This US Contractor Has Spent Almost Five Years in a Cuban Jail. Why Won’t the White House Act?

Peter Kornbluh  |  The Nation  |  May 2, 2014

Alan Gross

Judy Gross (C) speaks at a rally for her husband’s release in West Palm Beach, Florida. (Reuters/Joe Skipper)

“On May 2, I turn 65 years old and it will be my last birthday here,” Alan Gross announced last week from his prison cell in Cuba. Since he was detained in Havana on December 3, 2009, for surreptitiously distributing satellite communications equipment as part of USAID’s democracy promotion program, Gross has languished in jail—as much a symbol of a failed, Cold War–era policy of regime change as a sacrifice to President Obama’s political ambivalence about engaging in forward-looking diplomacy with Cuba.

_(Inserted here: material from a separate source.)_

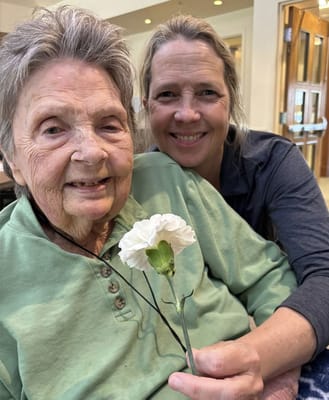 Resident and staff member posing with a flower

Not even Gross’s nine-day hunger strike earlier this month to protest “the lack of any reasonable or valid effort to resolve this shameful ordeal” appears to have moved the White House to initiate direct talks with the Cubans for his release. Instead, the administration has once again, against all evidence to the contrary, placed Cuba on the terrorism list—a move hardly helpful to Gross or future US-Cuban relations.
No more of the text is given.